A book on accounting to help
their son to a better job.
And most of all, books as
part of their religious life.
These sort of books tell us not
only how the Dutch lived their lives
but who they actually were.
But these these humbler books are the
books that have become almost invisible
in a story of the Dutch Republic.
And I would like to elaborate on
that point a little bit today.
And the reason for that is
that these were generally books
which were not destined for posterity.
They were intended to be used every day or
regularly and then worn out and replaced.
Few of these books have made
it through the centuries
to take their place on the shelves of a library.
And those that do survive are almost
invariably the single surviving copy
of a print run of 500, 800, maybe even 5,000.
So this book that we wrote is partly an exercise
in reversing this historical invisibility
and provide more context on the true
extent of Dutch book production.
for it’s really these cheaper, humbler books
that take us closest to understanding the heart
and soul of the complex and contradictory
society that is the Dutch Republic.
Now, why was the potency of these
smaller books not recognized
on scholarship on the Dutch Republic?
This is partly an issue that, before the digital
age, it was impossible to reconstruct quickly
or relatively quickly a corpus of
surviving print that’s scattered
around some 8,000 libraries
and archives worldwide.
And this is something that we’ve
been trying to do at St. Andrews,
and reconstruct on a global scale the holdings
of early printed books and to compare records
and thereby buildup a far
greater body of sources.
Generally, bibliographers say, if
they’re looking at German books,
they will look in German
libraries, but not necessarily
as much in libraries in other countries.
So this is something we’ve been trying to
do specifically for the Dutch Republic.
But it also became very clear to
us in an early stage that if we are
to fathom this new book world, we could
not rely solely on what survives today.
We must also hunt for what we call “lost books.”

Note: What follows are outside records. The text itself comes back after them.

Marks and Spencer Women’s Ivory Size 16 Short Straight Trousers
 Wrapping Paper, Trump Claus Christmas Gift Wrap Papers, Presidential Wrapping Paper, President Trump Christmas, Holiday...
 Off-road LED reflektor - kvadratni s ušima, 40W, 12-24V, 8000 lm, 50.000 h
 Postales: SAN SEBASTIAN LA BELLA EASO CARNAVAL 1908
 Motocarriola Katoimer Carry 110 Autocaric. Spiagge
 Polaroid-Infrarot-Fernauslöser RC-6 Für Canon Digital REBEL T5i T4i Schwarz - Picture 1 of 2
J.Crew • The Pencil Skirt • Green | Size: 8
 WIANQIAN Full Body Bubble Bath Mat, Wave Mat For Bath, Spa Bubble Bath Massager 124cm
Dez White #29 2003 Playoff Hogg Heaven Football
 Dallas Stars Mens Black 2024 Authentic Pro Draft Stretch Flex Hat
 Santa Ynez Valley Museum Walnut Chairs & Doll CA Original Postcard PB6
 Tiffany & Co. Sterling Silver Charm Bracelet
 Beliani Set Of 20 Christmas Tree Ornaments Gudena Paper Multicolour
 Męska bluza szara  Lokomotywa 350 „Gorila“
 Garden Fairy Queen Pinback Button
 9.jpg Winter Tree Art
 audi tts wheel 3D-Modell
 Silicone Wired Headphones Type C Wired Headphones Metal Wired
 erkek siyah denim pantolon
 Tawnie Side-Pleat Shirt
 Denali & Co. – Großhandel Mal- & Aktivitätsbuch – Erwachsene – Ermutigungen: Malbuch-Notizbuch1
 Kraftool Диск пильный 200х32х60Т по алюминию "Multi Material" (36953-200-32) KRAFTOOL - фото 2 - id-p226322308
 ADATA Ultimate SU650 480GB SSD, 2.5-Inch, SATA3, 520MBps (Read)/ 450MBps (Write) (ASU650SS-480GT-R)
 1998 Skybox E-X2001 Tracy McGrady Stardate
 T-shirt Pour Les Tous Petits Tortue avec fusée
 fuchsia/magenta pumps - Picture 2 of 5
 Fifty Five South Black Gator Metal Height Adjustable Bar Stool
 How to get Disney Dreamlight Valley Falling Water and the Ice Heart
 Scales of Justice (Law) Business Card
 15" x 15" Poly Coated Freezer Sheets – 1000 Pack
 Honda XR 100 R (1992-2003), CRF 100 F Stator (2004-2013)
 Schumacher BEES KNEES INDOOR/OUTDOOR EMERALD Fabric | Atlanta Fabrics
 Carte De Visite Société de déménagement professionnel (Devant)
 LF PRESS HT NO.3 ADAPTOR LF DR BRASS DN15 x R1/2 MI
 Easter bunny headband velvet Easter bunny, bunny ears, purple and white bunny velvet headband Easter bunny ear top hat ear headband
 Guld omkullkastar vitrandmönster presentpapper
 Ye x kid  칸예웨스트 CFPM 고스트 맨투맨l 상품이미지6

Books which were indeed printed and published
in this period but do not survive today.
And I’m going to show you some of the techniques
with which we’ve been doing
that a little bit later.
Why do many books not survive
Now, why do many of these books not survive?
Well, partly this is an issue
of library collecting culture.
Libraries, particularly the large
scholarly libraries visited by historians,
tend to collect a certain sort of book.
Very often the books that professional men
and serious collectors would most value,
like this beautiful Blaeu Atlases, big,
serious books of scholarship,
often in scholarly languages.
And this specifically excluded the
sort of books favoured by craftsmen
and more humble bourgeois households
when these were being produced.
If we think of Sir Thomas Bodleian, the creator
of the famous Bodleian Library in Oxford,
when he founded this, he
specifically forbade his librarian
to accession what he described
as idle books and riffraff.
And by that he meant books in English.
[laughter] Now, this was much the
same in the lovely Library of Leiden,
which is specifically designed
really for use by its professors
to consult big, expensive reference works.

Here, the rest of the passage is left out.